Are we at the beginning of a boom or the start of a bust?

Nov 3, 2025 | Editorial

It is a question which, in the mining sector, is always under interpretation.

The Hedley Widdup Lion Selection clock is a great visualisation of the mining sector’s boom-bust cycle – the problem is there is no telling just how quickly the hands are moving. In the modern age, it feels like they are whizzing around the clockface at an unerring pace.

In so many walks of life – from voter sentiment in politics, to supporters’ responses in sport, to investors’ emotion in markets – political parties, football clubs and commodity markets are constantly in either in boom or crisis and the time in between is ever narrowing.

Perhaps only the gold market is defying this trend but even then, as I wrote in GMJ recently, there are already signs that some of the smart money is planning its exit.

Sneaking up behind gold has been a revival in critical minerals.

I’m not only talking here about the niche, exotic metals such as tungsten and antimony but also the larger-market critical minerals, such as lithium and rare earths.

The established lithium players have enjoyed a strong six months with PLS Ltd up 99.6%, Liontown Resources Ltd up 124% and Mineral Resources Ltd up 162% (albeit with a more diversified portfolio).

Rare earths players have followed – thanks largely to the latest US-China trade tête-à-tête – with the only established producer Lynas Rare Earths Ltd up 159% and Iluka Resource Ltd (again, diversified) up 154%, while the likes of Arafura Rare Earths Ltd (115%), Critica Ltd (242%), St George Mining Ltd (580%) and Lindian Resources Ltd (290%) are nearing all-time highs.

It is a far cry from the start of 2025 when it felt like every analyst and commentator was calling the critical minerals boom a busted flush and the EV revolution a mirage. EV sales are up year-on-year in every major market – even in Australia they are up 25% according to the latest data from the EV Council – and battery storage systems continue to grow as a demand segment. While there is not as much direct policy action around climate change as there was two years ago, the trend has quietly continued to gather pace in almost every major economy.

The commodity boom-bust cycle, which 30 years ago would’ve developed and matured over a five-year period, is revolving inside two years now.

What to make of it all? Well, for exploration companies the accelerated cycle only makes defining a strategy and sticking to it so much harder. Juniors have always been caught between being agile and willing to switch assets and sticking to the projects and commodities they know.

Even the most stoic of shareholders would’ve applauded any explorer who decided to park lithium or rare earths exploration in favour of gold fever but given how quickly the pendulum is swinging, perhaps it would’ve been better to stay the course.

For the management of explorers, deciding whether to stick or twist on individual projects has become as important to market performance as any technical work they do.

The irony is, many of Australia’s major discoveries have come when the commodity found was not in vogue. By their very definition, world-class deposits will defy markets, no matter the circumstances.

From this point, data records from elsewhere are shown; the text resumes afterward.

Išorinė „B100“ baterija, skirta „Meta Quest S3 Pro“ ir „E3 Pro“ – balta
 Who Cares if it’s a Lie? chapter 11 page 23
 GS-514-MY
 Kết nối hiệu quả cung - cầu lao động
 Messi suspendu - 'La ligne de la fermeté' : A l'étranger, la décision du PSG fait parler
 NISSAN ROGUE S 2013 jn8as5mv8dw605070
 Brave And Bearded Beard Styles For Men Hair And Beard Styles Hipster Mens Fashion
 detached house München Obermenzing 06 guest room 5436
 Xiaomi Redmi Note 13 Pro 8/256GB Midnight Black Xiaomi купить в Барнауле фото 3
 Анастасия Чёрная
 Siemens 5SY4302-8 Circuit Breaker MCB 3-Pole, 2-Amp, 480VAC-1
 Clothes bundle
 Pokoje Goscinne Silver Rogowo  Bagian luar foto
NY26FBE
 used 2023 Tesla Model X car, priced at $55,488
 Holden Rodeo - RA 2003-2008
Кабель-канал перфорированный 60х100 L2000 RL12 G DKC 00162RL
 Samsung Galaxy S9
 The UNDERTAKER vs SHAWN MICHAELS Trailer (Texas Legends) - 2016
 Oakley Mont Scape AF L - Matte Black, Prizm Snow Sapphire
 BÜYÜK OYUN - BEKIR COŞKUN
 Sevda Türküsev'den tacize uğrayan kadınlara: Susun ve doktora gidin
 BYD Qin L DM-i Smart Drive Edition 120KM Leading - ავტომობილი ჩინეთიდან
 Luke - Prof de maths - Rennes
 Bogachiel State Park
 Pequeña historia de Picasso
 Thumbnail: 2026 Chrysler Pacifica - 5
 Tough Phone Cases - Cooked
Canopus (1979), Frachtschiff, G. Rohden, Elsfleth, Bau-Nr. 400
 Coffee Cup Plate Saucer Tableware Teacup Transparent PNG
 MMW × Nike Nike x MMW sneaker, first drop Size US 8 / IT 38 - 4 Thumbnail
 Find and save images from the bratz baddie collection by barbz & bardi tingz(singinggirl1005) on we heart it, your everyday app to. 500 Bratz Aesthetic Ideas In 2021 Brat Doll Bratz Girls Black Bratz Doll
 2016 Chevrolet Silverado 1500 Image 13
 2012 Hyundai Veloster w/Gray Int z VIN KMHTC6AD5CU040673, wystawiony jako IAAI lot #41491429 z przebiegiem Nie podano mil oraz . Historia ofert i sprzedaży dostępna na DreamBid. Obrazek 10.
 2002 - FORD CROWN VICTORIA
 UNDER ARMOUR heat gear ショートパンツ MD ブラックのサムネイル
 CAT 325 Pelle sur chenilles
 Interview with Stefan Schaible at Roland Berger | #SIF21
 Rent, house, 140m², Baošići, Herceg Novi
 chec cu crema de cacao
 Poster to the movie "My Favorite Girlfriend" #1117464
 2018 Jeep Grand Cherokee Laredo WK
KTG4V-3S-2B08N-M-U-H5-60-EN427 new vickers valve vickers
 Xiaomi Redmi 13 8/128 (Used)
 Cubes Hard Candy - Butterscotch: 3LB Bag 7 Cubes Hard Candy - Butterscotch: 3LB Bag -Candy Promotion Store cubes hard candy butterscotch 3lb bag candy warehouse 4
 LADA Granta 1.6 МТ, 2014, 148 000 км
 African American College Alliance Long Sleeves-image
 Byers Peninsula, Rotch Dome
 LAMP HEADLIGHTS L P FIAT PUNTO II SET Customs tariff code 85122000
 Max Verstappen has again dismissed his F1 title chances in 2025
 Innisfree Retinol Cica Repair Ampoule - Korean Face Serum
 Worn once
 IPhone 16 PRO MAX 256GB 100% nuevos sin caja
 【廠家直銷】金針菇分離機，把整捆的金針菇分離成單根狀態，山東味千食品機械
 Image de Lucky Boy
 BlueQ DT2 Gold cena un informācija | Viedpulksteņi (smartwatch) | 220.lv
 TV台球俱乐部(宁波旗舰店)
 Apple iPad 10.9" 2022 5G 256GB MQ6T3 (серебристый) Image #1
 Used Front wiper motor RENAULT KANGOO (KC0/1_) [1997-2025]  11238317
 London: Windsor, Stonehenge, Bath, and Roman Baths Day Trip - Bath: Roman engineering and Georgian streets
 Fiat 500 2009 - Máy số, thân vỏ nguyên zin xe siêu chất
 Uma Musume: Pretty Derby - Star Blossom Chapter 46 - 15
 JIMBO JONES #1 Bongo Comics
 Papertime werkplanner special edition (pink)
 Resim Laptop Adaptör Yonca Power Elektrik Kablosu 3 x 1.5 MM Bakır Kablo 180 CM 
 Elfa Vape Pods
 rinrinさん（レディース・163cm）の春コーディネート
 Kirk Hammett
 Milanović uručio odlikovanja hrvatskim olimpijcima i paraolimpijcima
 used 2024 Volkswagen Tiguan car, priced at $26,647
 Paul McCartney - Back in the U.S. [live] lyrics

Nickel is one commodity which hasn’t caught fire this year with prices resolutely refusing to break out of multiyear troughs. However, at Paydirt’s Australian Nickel Conference Lunch last month (see pages 40-45), Western Mines Group Ltd managing director Caedmon Marriott gave an impassioned defence of those companies, like his own, which chose to forgo fashions in favour of putting in the groundwork to make a discovery of “the devils’ copper”.

“You have to want to make discovery,” Marriott said. “These companies who one week they’re trying to find rare earths and the next week they’ve got on board an antimony project and the next: ‘Oh, let’s all go to Mountain Pass and we’re all going to make a rap video. Are those guys actually trying to make a discovery? I don’t believe they are. We had to stick with this for four years, keep going with your process and you’ve got to believe it is there and put in the hard work.”

There are plenty of executives who would share Marriott’s frustration and even more who will applaud him and his company should their diligence lead to the kind of discovery their persistence has earned.